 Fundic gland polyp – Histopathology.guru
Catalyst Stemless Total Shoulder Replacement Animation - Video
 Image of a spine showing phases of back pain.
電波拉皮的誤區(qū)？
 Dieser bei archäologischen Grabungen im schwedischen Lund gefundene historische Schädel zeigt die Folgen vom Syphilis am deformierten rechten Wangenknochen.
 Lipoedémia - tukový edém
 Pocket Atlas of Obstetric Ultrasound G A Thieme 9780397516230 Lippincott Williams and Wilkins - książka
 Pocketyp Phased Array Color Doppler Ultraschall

■ What the task requires ■
All the lines above should come back exactly as written.

■ Task result ■
 Fundic gland polyp – Histopathology.guru
Catalyst Stemless Total Shoulder Replacement Animation - Video
 Image of a spine showing phases of back pain.
電波拉皮的誤區(qū)？
 Dieser bei archäologischen Grabungen im schwedischen Lund gefundene historische Schädel zeigt die Folgen vom Syphilis am deformierten rechten Wangenknochen.
 Lipoedémia - tukový edém
 Pocket Atlas of Obstetric Ultrasound G A Thieme 9780397516230 Lippincott Williams and Wilkins - książka
 Pocketyp Phased Array Color Doppler Ultraschall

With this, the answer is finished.